Dir. Nam: K10 Global Content Co., Ltd. was founded by me and 2 other partners as a Studio for production of Films, TV or Online Series and Commercials. When we first opened the company, we were going to do “My Ride, I Love You” project, so I took this opportunity to make this series as our first project of the company.
As the founder of this independent entertainment company, tell us how you began this business. What is its first project?
Previously, I started working in the Film industry as an Assistant Director of Director M.L. Panthewanop Thewakul, who directed “The Outage”, “Jan Dara”, “Maebia”, “Phlae Kao” etc.
Then I worked with Dir. Nitchapoom Chaianun on “Brother | My Bromance” project, which was the very first gay film of its genre before the gay films and series became popular.
After 6-7 years of experiences as Director, Producer, Scriptwriter and (sometimes) Co-Director roles, now it’s time to start doing things on my own to show who I am, so I decided to open K10 Global Content Co., Ltd. and started doing “My Ride, I Love You” project.
As a kid growing up in the 1990s what can you say about the progress of the Thai film industry and its treatment of the LGBTQ community?
In my opinion, gay films or the other LGBTQ films are always alternative films. Before someone pick the LGBTQ issues to make feature films, he must be quite confident that what he wants to present is good enough, so that people can reduce their gender biases and go to see the film. That’s how it was in the past.
For me, when the Thai film “The Love of Siam” came out for the first time, I didn’t know that it’s gay film until I watched it in the cinema. Then, I realized that it was actually a romantic film that talked about two guys, and it had changed my view of gay films since then. After that, there are some other gay films coming out but most of them are comedy. Until the time when gay films played an important role in Thailand because the demand of people watching this kind of film became more and more, film producers therefore saw the opportunities out of this and began to make gay films up until now.
I think LGBTQ genre can drive Thai films and series industry well while some other countries are still not opened like us.
What was it like growing up in the 1990s?
Well, I think it’s kind of classic. Many 90s films became legend. I found that a lot of things back then were charming in its own way which is hardly found in this era. Nowadays, though people try to bring back the classical stuff they like from 90s to be shown again, it’s nothing compared to the real experience I’ve been through when I was growing up in 90s.
What is your filmmaking process?
When I first started my career path as a filmmaker, the very first teacher of mine was M.L. Panthewanop Thewakul. I’ve learned a lot from him, like what he thinks, how he works, I might say that I’ve been influenced by him a lot, but our styles are still different and I also have my own way of thought. I’m quite a serious person when it comes to work; I really value thoughts and details in every project I do. I believe that every film has its own charm and the audiences will see everything once it’s on screen, therefore, I will pay very close attention to the details regarding vision, setting and performance etc. to make it the best one.
Do you get involved in other aspects like editing, cinematography, sound?

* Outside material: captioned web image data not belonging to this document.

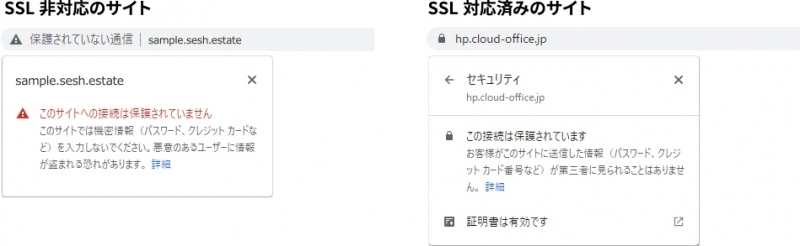 SSL化されていないと警告が表示される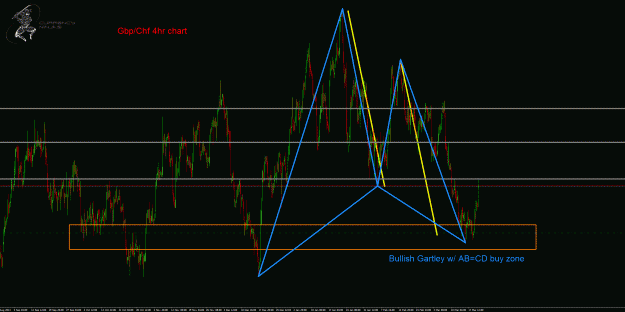 Click to Enlarge

Name: GbpChf.gif
Size: 62 KB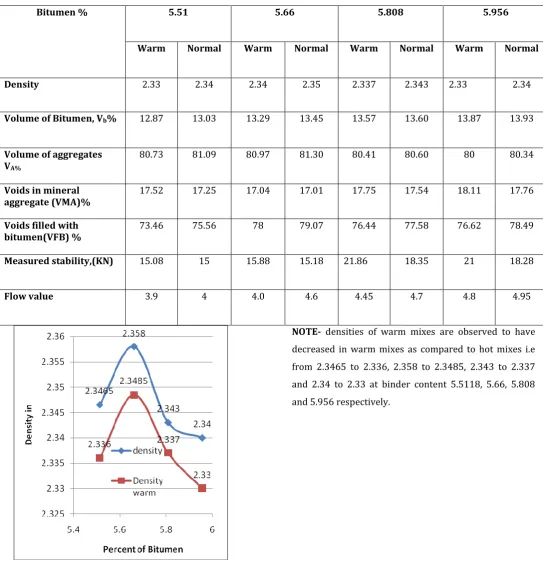 TABLE 4-4 3 Comparison of Normal and Warm Mixes of VG-30 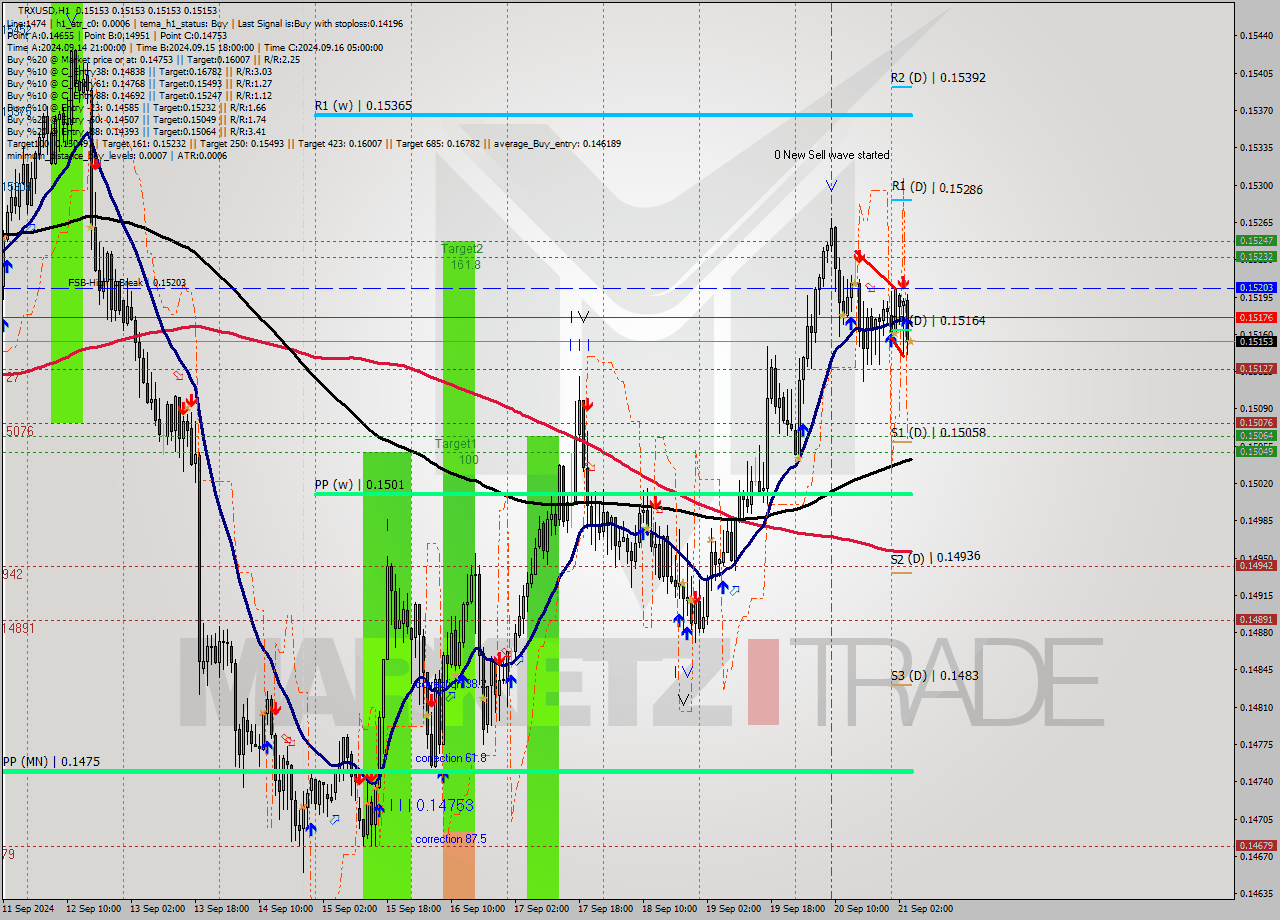 TRXUSD MultiTimeframe analysis at date 2024.09.21 05:00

Yes, I’m involved in other aspects of the production as well. Since my name will remain in the film and series as a Director forever, I have to make sure that every production process has been done perfectly.
Are you a strict director when it comes to actors?
Well, I would say that I’m more like a thoughtful thinker, but I’m actually not strict. Sometimes, strictness causes the performers (to feel) pressure, and pressure doesn’t make them perform well (except for some cases).
That’s why I don’t want to cause them more pressure, especially the young ones who have already put too much pressure on themselves. So I need to make them relax when we work together, then they can really concentrate on their performances.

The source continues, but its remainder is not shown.